Ce coup de marteau est un quitte ou double imposé par le cinéaste aux spectateurs. La seule option qui nous est laissée durant l’heure de film qui reste après est de fixer les bris de porcelaine éparpillés au sol, tout en étant enjoints – pour ne pas dire contraints – à être émus devant cette tragédie, par celui-là même qui a arbitrairement décidé de la faire advenir. L’événement qui détruit les vies des personnages et le cours du film ne peut même pas être considéré comme un exemple de plus du mécanisme exposé dans un précédent article cannois, le devoir de mort imposé artificiellement à un personnage sacrifié sur l’autel de la démonstration ; puisque dans le cas présent il n’y a même plus de démonstration passé ce point de non-retour.

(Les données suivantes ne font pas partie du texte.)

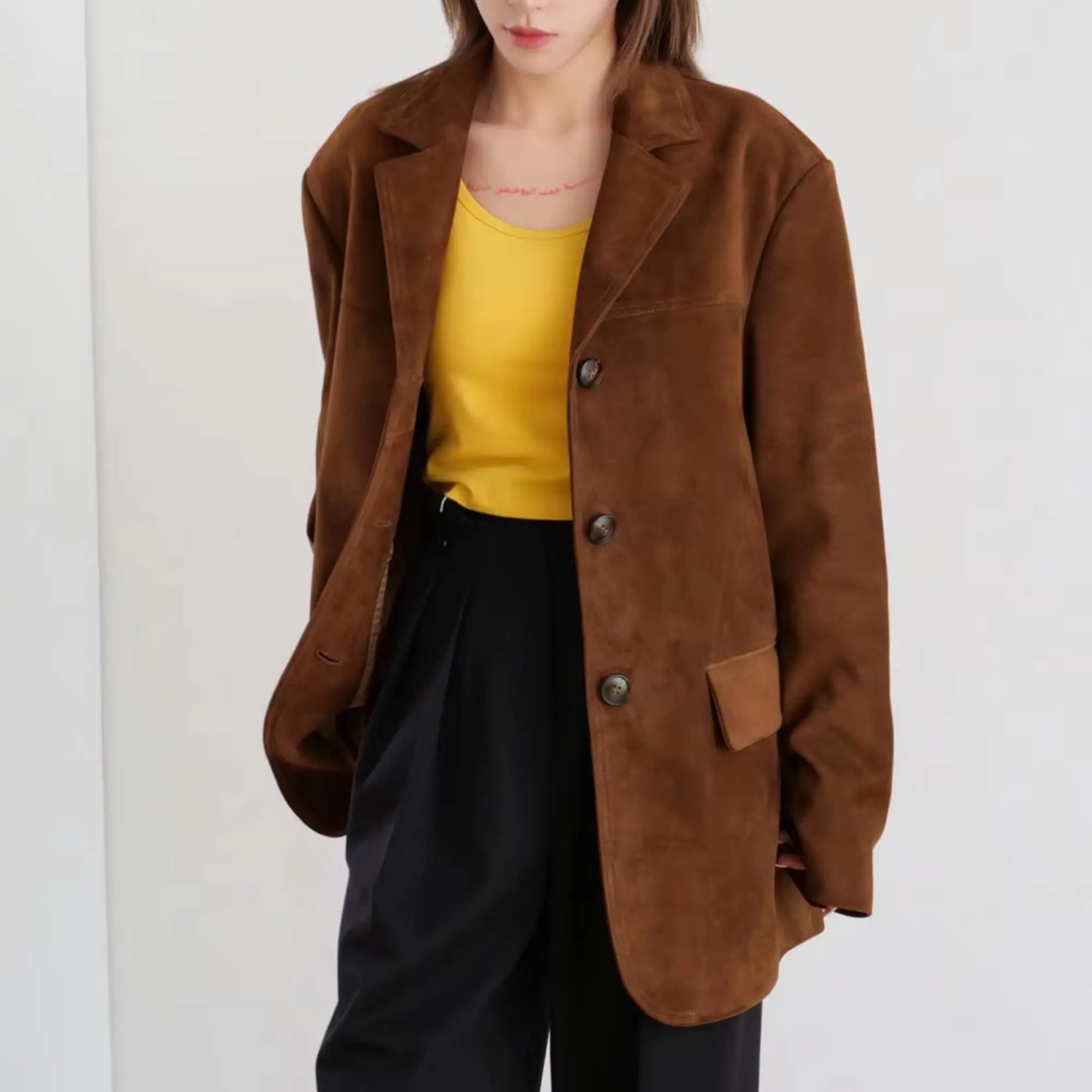 Brown Suede Leather Coat - FEASSA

Le sujet complexe, intelligent, pertinent posé au départ s’est évaporé, écrasé par le passage du bulldozer du chantage à l’émotion lourde. Il n’est plus question de traiter cette problématique (qui s’impose pour la première fois de leur vie aux jeunes personnages, mais qui nous poursuit durant tout l’âge adulte) de l’accord difficile, voire impossible, entre ce que l’on est, instinctivement, sans réfléchir, et ce que les autres projettent sur nous, notre physique, notre attitude, nos gestes inconscients – ici, la tête de Léo négligemment posée sur l’épaule de Rémi le premier jour de classe, ce qui déclenche immédiatement rumeurs, insultes et jugements à l’emporte-pièce (« vous êtes en couple ? »). Léo et Rémi se retrouvent à devoir trouver des réponses à des questions qu’ils ne s’étaient jamais posés. « Plaquer des étiquettes est le contraire de chercher à comprendre », dit une réplique de Sense8, et c’est exactement ce qui arrive à Léo et Rémi. L’un des deux le vit plus mal que l’autre, et décide de réorienter drastiquement son comportement pour l’accorder au moule hétéronormé, quitte à repousser au passage la personne qui comptait jusque là le plus pour lui.

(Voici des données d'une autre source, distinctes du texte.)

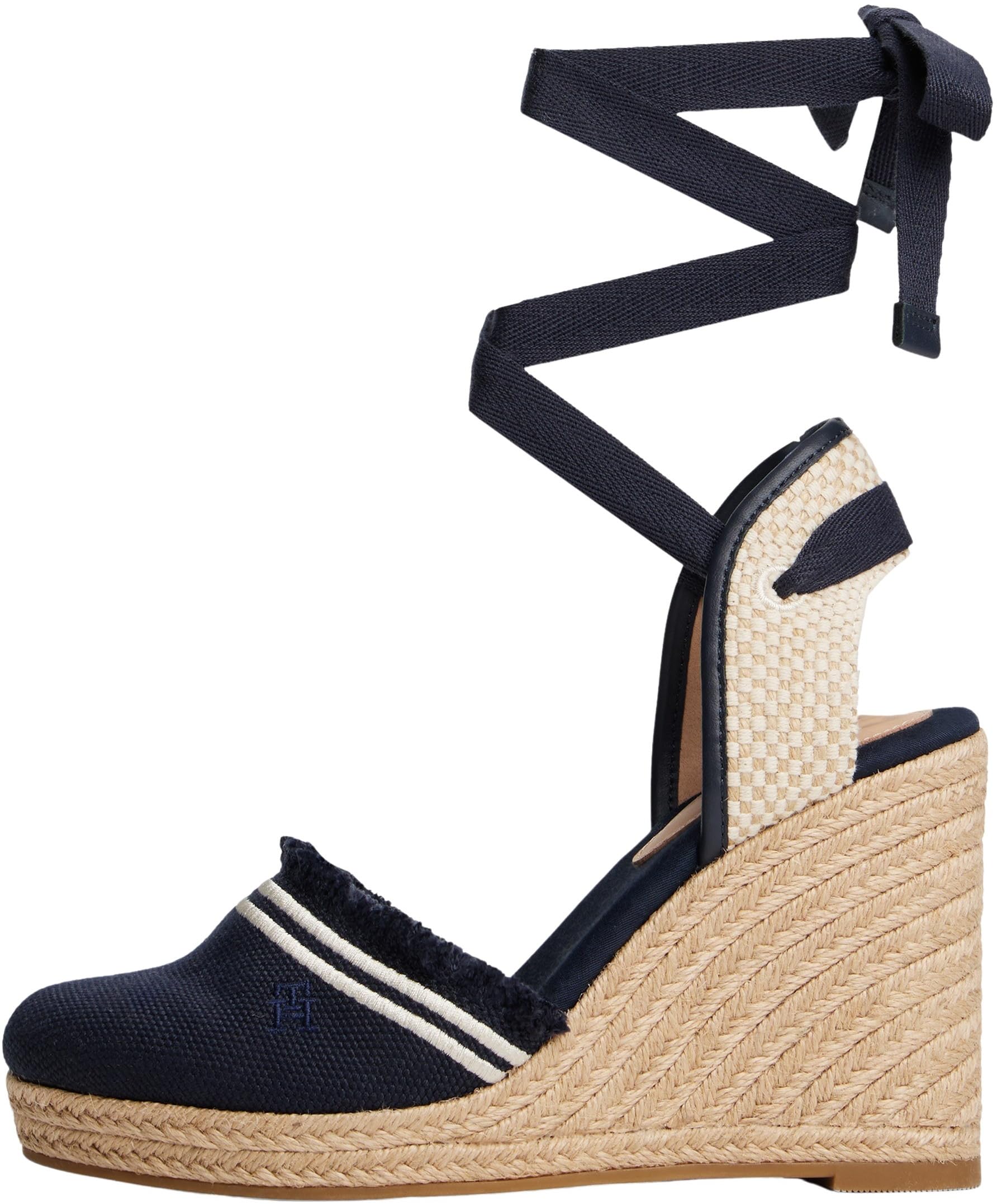 Tommy Hilfiger Damen Wedge Espadrilles Fringe Canvas mit Keilabsatz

Mais ça n’a en définitive pas d’importance, puisque le film se défausse de ce thème. Dhont préférant s’engager dans une redite de La chambre du fils aux trop gros sabots, tant sur la forme (la joliesse surlignée de l’enrobage visuel), que dans le fond – la fausse pudeur consistant à ne filmer que la répétition de l’ordinaire du quotidien, en pensant que l’extraordinaire en ressortira de soi-même. Ici cela ne fonctionne pas, et donne au contraire un résultat profondément indigeste.
CLOSE (Belgique, 2022), un film de Lukas Dhont, avec Eden Dambrine, Gustav De Waele, Émilie Dequenne, Léa Drucker. Durée : 105 minutes. Sortie en France indéterminée.